Encouraged by all this, I went around to the back to the little house I helped Bob build and ended up living in with him for four years. The museum is pretty well maintained. The little house is coming apart and tagged with graffiti. I had thought the high board fence would come down but the same gate was there. I went through and greeted a big orange and white cat. Eegie’s cage still the same, Foxie’s cage still the same, the screen porch was enclosed in plywood, and here was a big Indian man with a broom. I thought he was sweeping.
“How dare you intrude into this private space!” he said. Not shouting, but in that calm but charged voice of someone confronting danger. “Leave immediately. You are not wanted!” I tried to explain but he was having none of it. The broom was a weapon. I left. The gate was hanging by one hinge. He said that was none of my concern.
I thought about it all as I drove home through the idyllic fields of blooming camelina and windrowed hay. I wasn’t grieving for the house -- I never had a lot of attachment to it. I know I have no privileged entitlement to my fifty-years’ memories because they can’t match the Blackfeet people’s memories of themselves. The destruction of Bob’s world began early and nothing was as destructive as the dispersal auctions of his estate by his worst enemies. People keep asking, “Where did everything go?” They don’t believe the answers.

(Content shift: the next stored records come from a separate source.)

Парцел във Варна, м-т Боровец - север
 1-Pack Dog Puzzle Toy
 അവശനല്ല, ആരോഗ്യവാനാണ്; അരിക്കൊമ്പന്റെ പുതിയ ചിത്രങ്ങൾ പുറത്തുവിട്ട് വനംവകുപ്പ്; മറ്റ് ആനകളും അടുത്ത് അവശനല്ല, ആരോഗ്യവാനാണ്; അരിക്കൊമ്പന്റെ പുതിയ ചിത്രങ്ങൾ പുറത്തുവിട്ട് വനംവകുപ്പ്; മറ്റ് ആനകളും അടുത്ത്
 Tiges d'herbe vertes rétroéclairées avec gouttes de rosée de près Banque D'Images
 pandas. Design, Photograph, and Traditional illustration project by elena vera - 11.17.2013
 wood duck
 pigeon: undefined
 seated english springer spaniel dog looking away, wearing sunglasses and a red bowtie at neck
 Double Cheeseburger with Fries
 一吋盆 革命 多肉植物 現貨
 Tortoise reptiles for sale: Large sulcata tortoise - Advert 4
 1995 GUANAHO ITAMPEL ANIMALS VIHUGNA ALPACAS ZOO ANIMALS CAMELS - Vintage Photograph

It wasn’t until bedtime that I got it. I was looking at the future. The innocent campgrounds of a nomadic people have been replaced by the technology of refugee management. Bob’s fortress, once built to protect him from the threats of AIM, meant to protect his accumulation of valuable art (his furnishings were from Hardware Hank), is now a refuge for another embattled and impoverished man with only a broom for a weapon. In the Sixties Hubert Bartlett, who belonged to groups expecting WWIII and who resisted the government (the Minutemen, Posse Commitatus), used to tell us he had buried battle-ready long guns, greased and sealed in plastic. I wonder if they’re still there. It’s not about Indians. Lightning and hail are the least of it.